So with that background I'll say this: as of a few years ago, I was starting to get shooting neck pains whenever I got a hard impact through the seat on my hardtails. It scared me a few times. With a FS bike, this just doesn't happen. If I'm doing a pure road ride, or road plus a little gravel, I'll ride one of the rigid bikes. But if bumps and dirt are a big feature of the ride, i want my FS bike. I'm 52. I imagine this bias will only increase as I age. And I agree with other posters: the dropper post is more of a game-changer than 1x shifting, maybe more than full suspension (especially for a young rider without neck/back issues).

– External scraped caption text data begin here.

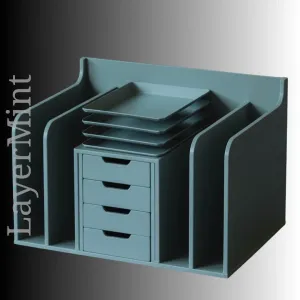 Multi-Tray Office Storage Unit with 4 Drawers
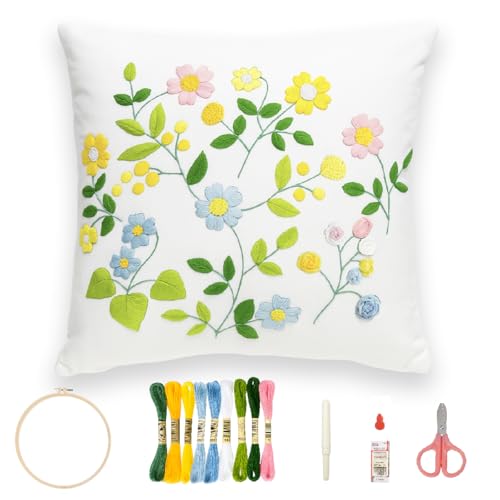 GQKHSS DIY Embroidery Kit Decorative Pillow Cover with Floral Design 18 x 18 Complete Starter Set with Thread and Tools No Pillow Core (Floral)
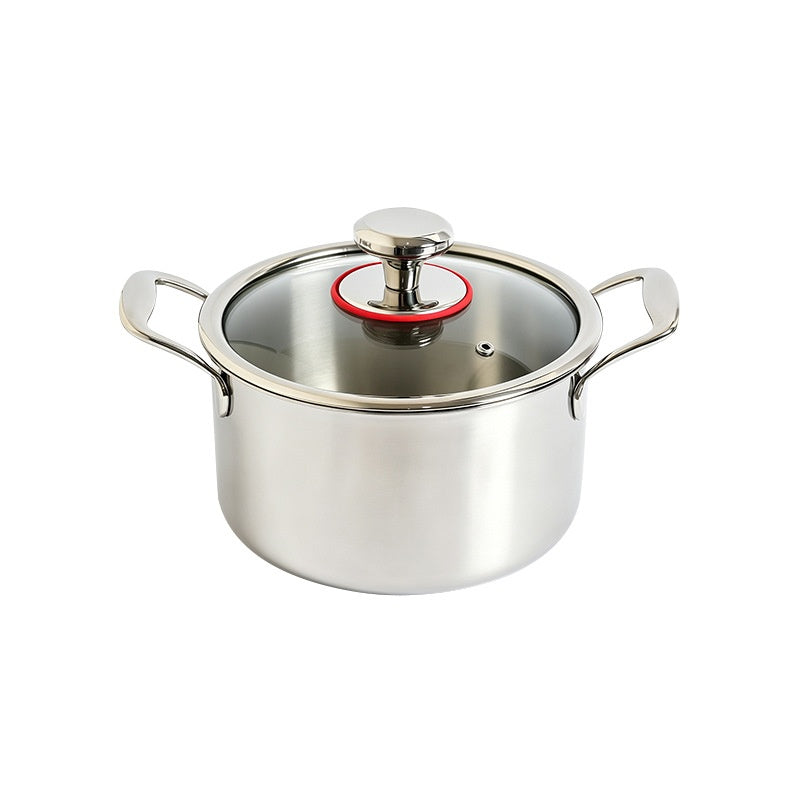 3.1L Thickened Uncoated Simmer Pot with Glass Lid - Kitchen Cooking Utensil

I consider a dropper post to be necessary for a bike to be considered a proper mountain bike now.

Funny--I know people who go out of their way to "underbike." But for me "overbike" is the way to go. What's the downside? I get a better workout!


----------



## Rngspnr (Feb 15, 2016)

I have a full squish Evil Following and a Dartmoor Primal 27.5+ hardtail. I find the opposite for me as far as back pain between HT and FS. I find on my FS I encounter more lower back stress than on my hardtail. I think it's because on my hardtail i'm forced to use my arms and legs more as my suspension so i'm not in the saddle as much as on my FS. I think on my FS I rely on the suspension to suck up the trail roughness and some of that gets transferred up through my back. I could also be that it seems to take a bit more body effort to clear features on the FS than the HT.


----------